No idea if this impacts the performance negatively (considering that the idea with the refactoring into using a DenseMap seem to be to improve compile speed maybe there are better solutions). But right now we the code is broken so I guess we need to submit a workaround or a revert.

Hi @bjope thank you for pointing this out and providing a workaround.
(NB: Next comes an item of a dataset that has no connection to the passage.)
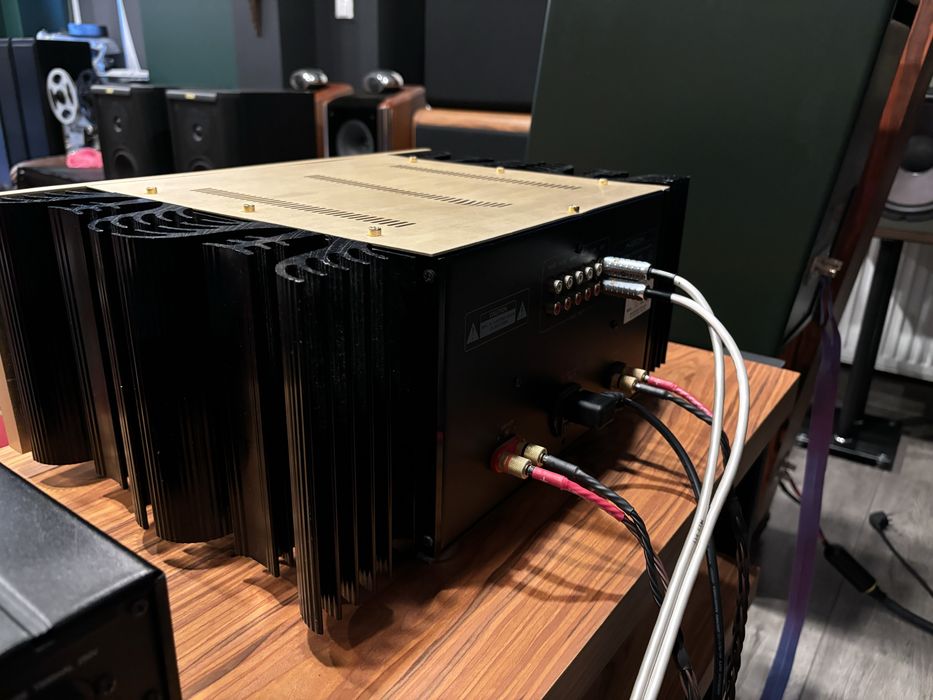 Audcom A200 - wzmacniacz stereo - klasa A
I'll test out your change and investigate further.

I seem to have lost commit access in the move over to GitHub - thanks @andreadb for reverting this (67720e7bf7df).
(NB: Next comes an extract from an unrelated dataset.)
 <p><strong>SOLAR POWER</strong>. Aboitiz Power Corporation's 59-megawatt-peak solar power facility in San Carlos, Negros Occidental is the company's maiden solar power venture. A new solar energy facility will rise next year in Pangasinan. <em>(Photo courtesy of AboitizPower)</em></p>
Orlando marked an inline comment as done.Oct 31 2019, 4:15 AM
Orlando added a subscriber: jmorse.
Orlando added inline comments.

A quick workaround that I'm trying downstream is to copy the vector like this

Replacing the DenseMap LDVImpl::VirtRegToUserVals uses with a std::unordered_map looks like it should also work.

I started work on this patch because @jmorse found that during an asan build LDV consumed ~30% CPU time when building AMDGPUDisassembler.cpp. This worst-case is reduced to <3% for me with my faulty patch and there is no noticeable difference when adding either of these changes. I'll look at the build time impact of these two approaches on self host builds when I get the chance but I'm leaning towards the unordered_map because it makes it harder to run into this again.

Thanks again for the heads up!